Recuerdo a la Raquel de diez años y entiendo cómo son los niños: toman y transforman lo poco —o mucho— que tienen en risa. No se agobian por el mañana; ya llegará. Viven atentos a lo que pasa hoy. Si el llanto gana, se curan con un abrazo. Si las cosas no salen bien, al otro día lo vuelven a intentar. No necesitan ser los protagonistas de ningún cuento, no necesitan tomar la casa. Se sienten importantes sólo con ser parte de él.

Por ahí dicen —en tono novelesco— que los niños son la esperanza del mañana. Y más que la esperanza, para mí son los que nos regresan a entender que toda espera, situación y acción, se nutre de ella; que no sabemos todo y no lo necesitamos.

En su libro El principio Esperanza, Ernest Bolch decía que «La esperanza es por eso, en último término, un afecto práctico, militante, que enarbola su pendón. Si de la esperanza nace la confianza, tenemos o casi tenemos el afecto de la espera hecho absolutamente positivo, el polo opuesto a la desesperación». Bolch también dice que lo importante es aprender a esperar. Se sitúa en un punto utópico en donde es posible soñar con un mundo digno para vivir, con el ser humano mostrando lo mejor de sí mismo.

El sentido o sensación de esperanza nos conduce a pensar más allá del hoy y a encontrarnos con un futuro que promete cambio. Nos ayuda a pensar que sí hay otros días.

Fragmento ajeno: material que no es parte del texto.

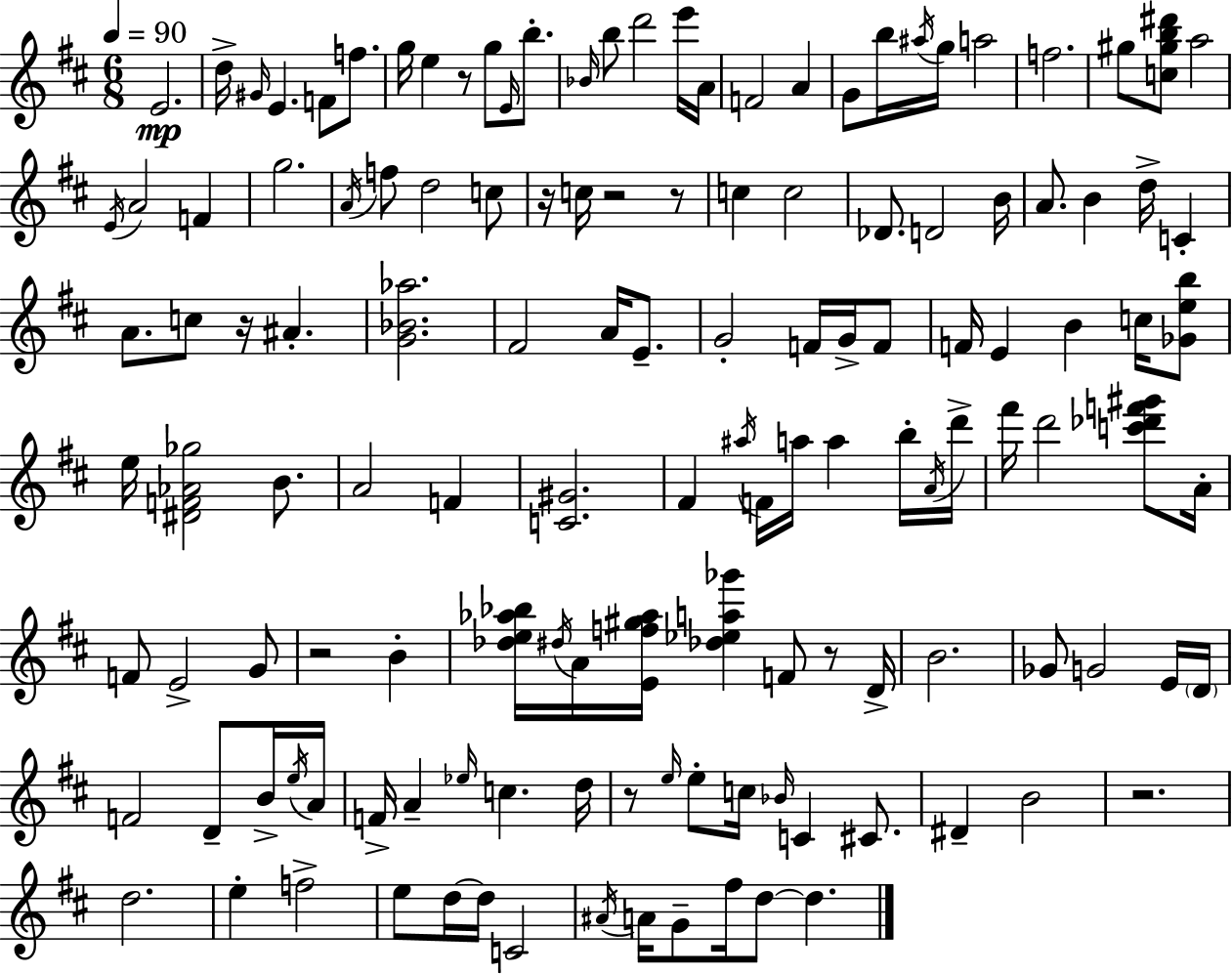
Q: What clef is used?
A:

A sentir curiosidad, como niños, con ansias de ver qué es lo que hay detrás del muro, afuera de la casa, después de la pandemia.

Si es posible hablar de murciélagos en sopas y armas biológicas que desencadenaron el Covid-19, es posible ser niños y ver con ojos utópicos lo que se muestra como una oportunidad de apreciar lo simple; de pelear por las injusticias, de sobreponernos a los dolores que si bien no todos pasan rápido, en su momento lo harán. Si es posible ser personajes de un cuento de realismo mágico, es posible esperar y mantener la alegría de un niño, perdernos en las artes, convertir el búnker en donde no pasa el tiempo en un salón de juegos y sobre todo, ayudar con todo lo que esté en nuestras manos y mantener la herencia de esperanza en la humanidad.

Al final sí, pequeñas partes de mí —como en el cuento de Cortázar— han sido tomadas y poco a poco tengo que soltarlas. Lo que viví, lo que no viví, la ilusión de certidumbre, los adioses precipitados. También seguiré viendo mis fotografías viejas, sabiendo que tomaré nuevas.

Empiezo a flotar ligero, como mis sobrinos; y como escribe Alejandro Ricaño:

«Sé que todo esto dolerá
Sé que quizá todo vuelva a estar jodido
Y qué más da.

Vendrán los días buenos
Como las luciérnagas
Intermitentemente

Y eso bastará
Eso bastará.»

 

Referencias 

  1. Zapata, Isabel, (2019), “Alberca Vacía”, México, Nuevo León, Editorial Argonautica.
  2. Cortázar, Julio “Casa Tomada” , Plan Nacional de Lectura, Argentina, mayo 2014.
  3. Bolch, Ernest, (1947) “El Principio Esperanza”, Biblioteca Filosófica Aguilar.
  4. Ricaño, Alejandro, “El Amor de las Luciérnagas”, México, D.F: Instituto Nacional de Bellas Artes (El joven Godot)/Consejo Nacional para la Cultura y las Artes.